一瞬がつづいて今
【近況】
7月にメニュー改定をしてその後の8月も合わせてあたふた過ごしていたら、5年前のオープン以来初めての問い合わせが入りました。テレビ番組での紹介です。
10/24(火)夕方の情報番組「ten.」(よみうりテレビ)内の、「おでかけコンシェルジュ」というコーナーに取り上げてもらいました。
関西圏のみですが、18時20分ごろからの放送ということですので、その時間テレビが点けられる方はぜひご覧ください。

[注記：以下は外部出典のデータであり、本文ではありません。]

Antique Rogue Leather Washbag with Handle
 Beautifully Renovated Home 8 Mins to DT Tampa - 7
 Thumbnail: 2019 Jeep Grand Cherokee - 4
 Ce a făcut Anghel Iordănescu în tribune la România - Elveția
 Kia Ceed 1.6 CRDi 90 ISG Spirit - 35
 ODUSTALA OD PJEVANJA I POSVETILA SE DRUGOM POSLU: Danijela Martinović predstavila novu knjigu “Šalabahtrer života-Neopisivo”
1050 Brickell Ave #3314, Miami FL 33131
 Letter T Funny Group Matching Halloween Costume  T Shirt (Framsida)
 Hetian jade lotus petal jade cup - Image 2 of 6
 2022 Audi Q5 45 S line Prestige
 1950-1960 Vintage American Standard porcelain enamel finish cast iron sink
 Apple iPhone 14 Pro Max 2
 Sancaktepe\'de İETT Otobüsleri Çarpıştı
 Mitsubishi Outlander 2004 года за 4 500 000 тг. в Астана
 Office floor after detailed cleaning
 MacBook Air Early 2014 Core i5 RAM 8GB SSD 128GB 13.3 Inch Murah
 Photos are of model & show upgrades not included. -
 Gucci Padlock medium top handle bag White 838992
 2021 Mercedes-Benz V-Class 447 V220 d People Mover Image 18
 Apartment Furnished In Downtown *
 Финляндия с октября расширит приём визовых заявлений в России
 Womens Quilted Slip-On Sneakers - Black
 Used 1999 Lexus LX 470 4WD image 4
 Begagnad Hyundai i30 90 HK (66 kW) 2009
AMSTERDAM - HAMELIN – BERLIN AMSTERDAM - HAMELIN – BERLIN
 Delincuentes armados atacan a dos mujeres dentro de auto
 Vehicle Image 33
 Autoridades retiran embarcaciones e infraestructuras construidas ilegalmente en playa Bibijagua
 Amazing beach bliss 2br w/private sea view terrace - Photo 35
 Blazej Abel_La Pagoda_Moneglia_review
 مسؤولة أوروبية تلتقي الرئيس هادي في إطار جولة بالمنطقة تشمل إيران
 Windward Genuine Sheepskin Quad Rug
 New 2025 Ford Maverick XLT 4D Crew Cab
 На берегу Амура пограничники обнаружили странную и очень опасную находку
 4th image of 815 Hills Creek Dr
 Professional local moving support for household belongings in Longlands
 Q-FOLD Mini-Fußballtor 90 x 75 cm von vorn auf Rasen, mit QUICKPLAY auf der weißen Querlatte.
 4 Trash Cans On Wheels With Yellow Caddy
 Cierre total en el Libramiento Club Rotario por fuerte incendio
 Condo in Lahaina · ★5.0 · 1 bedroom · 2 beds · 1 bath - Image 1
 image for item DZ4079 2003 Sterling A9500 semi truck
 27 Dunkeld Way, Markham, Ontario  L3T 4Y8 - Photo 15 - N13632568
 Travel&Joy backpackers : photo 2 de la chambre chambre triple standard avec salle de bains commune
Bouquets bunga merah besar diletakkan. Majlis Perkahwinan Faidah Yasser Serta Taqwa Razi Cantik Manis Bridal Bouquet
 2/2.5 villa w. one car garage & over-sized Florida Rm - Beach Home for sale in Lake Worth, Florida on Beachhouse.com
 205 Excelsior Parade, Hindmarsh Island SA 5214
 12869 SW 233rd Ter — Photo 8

しばらくの間、ほぼ1人か2人で完結する仕事だけをやってきていたので、毎日チームで仕事に取り組んでいる方たちと少しの間でもご一緒できて、その熱量にたいへん刺激をもらうことができました。
タレントさんによるプロの食レポにも感動しました。私の喋っているシーンも、使われているのかどうかわかりませんが、ご覧になった方はぜひお店で感想を教えてもらえると嬉しいです。
5年目の脂汗
【近況】
ありがたいことに、このブログを更新する暇がないくらい忙しくさせてもらって気がつけば初めて1ヶ月更新を放置していました。
忙しいといっても、儲けまくりの1ヶ月だったということではありません。
今年のテーマは体を使う時間を減らして頭を使う時間をもっと伸ばしたいというところでして、そのためのメニュー変更や価格変更をすすめるなどに時間をかなり要していました。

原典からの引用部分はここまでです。